More important than flavor, the oil has a very high omega-3 fatty acid content (more than 50 percent fatty acid) compared to most other plant oils.

The omega-3 content in perilla oil is alpha-linolenic acid (ALA), which you can also find in flaxseed, with lower amounts in walnuts, soy, and animal-based sources like fish oil.

Perilla oil also contains the vital omega-6 and omega-9 fatty acids. These polyunsaturated fatty acids are beneficial to your health — especially for normal immune system functioning — and have been linked to improving memory-related conditions.

How does perilla oil help exactly? Past research, including a 2013 cellular-level study involving perilla leaf extract, shows that the oil can help stop the chemicals that bring about allergic and inflammatory responses.

In a 2000 study, people with asthma were followed for four weeks and given perilla seed extract to see if their lung function improved. Results showed that perilla oil can improve airflow by inhibiting the production of compounds that lead to asthma.

Perilla oil might also prevent and treat a variety of other conditions, such as colon cancer and memory problems.

Past research suggests that fish oil and some vegetable oils, both of which contain large amounts of omega-3 fatty acids, can lessen the risk of colon cancer.

This has led scientists to test the effectiveness of perilla oil, which has even more omega-3 fatty acid content. In a 1994 study on rats, results showed that getting just a small amount of perilla oil — about 25 percent of daily fat intake — can help reduce the risk of colon cancer.

The omega-6 and omega-9 polyunsaturated fatty acids found in perilla oil are known to improve cardiovascular health and prevent rheumatoid arthritis, among other benefits.

Rather than supplements, a better way to get these healthy fatty acids into your diet is through food and cooking with perilla oil.

Korean cuisine makes heavy use of perilla seed oil and it is especially popular for sautéing vegetables. It is an ingredient in Korean salad dressings, which gives them an earthy taste.

If you end up buying perilla oil, just remember that its shelf life is much shorter than other oils — use it within a year.

In addition to the oil, the leaves themselves, called kketyip, are popular in Korean cuisine. Pickled perilla leaves, kkaennip jangajji, are a quick, spicy and tangy appetizer. For a perilla-infused condiment, you can boil perilla leaves and sesame leaves in soy sauce, then strain.

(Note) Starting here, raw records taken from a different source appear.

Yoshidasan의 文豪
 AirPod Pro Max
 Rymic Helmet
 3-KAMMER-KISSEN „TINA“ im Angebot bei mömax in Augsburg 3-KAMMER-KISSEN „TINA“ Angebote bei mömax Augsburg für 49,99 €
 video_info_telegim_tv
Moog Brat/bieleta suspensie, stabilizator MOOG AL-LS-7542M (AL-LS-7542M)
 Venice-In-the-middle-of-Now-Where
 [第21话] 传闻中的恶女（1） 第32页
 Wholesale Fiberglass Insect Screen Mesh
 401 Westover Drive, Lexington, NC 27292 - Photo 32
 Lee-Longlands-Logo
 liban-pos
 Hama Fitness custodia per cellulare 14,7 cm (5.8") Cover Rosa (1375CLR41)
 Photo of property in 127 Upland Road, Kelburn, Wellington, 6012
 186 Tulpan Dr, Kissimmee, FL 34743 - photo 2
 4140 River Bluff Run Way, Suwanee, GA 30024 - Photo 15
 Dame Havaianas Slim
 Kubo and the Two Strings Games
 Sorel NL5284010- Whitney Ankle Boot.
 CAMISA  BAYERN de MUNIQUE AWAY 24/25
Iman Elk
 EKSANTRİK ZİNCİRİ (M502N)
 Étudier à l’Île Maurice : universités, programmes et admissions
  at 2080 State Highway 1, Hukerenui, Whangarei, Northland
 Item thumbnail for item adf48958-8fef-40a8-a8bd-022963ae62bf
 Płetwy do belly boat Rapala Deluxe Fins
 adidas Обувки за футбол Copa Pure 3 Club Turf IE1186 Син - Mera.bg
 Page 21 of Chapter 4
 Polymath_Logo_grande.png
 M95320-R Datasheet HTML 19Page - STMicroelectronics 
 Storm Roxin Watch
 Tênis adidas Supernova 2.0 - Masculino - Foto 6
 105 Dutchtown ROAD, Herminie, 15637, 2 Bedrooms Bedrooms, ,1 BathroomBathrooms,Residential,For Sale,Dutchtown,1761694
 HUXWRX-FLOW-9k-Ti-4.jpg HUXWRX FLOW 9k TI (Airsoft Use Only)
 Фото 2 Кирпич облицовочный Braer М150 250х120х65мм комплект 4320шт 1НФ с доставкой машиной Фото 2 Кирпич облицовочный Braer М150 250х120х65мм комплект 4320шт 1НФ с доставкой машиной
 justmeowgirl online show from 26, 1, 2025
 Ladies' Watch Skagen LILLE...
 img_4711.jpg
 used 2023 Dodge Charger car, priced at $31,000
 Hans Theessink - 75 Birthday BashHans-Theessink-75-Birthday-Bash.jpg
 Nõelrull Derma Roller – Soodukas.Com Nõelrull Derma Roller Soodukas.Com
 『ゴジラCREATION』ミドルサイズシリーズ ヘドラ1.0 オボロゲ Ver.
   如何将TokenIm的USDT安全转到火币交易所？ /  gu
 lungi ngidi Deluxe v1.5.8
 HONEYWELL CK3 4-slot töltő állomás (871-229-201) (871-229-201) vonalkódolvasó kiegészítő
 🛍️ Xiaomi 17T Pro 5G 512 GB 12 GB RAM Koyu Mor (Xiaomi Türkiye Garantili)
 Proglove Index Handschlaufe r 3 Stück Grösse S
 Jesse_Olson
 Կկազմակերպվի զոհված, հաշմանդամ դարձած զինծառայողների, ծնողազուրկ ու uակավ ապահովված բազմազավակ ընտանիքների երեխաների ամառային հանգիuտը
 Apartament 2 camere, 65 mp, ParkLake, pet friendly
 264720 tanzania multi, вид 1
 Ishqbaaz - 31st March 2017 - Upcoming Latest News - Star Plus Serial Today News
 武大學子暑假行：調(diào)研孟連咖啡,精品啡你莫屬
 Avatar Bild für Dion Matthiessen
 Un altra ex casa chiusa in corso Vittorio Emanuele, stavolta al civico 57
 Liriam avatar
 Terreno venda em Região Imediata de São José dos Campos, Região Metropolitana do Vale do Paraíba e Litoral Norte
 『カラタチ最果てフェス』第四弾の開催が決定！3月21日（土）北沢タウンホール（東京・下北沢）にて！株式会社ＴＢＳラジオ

The leaves can also be tossed and cooked into soups and stews.

Ultimately, considering the health benefits associated with perilla oil and its pleasant flavor as a cooking ingredient, its use could be a positive addition to your daily regimen.

CAUTIONPerilla seed oil provides many health benefits, but it should be used with caution due to its possible anti-coagulant effects and the potential for pulmonary toxicity.

Women who are pregnant or breastfeeding should discuss the use of perilla oil with a medical professional.

More research is needed to fully understand the benefits and potential side effects of perilla oil.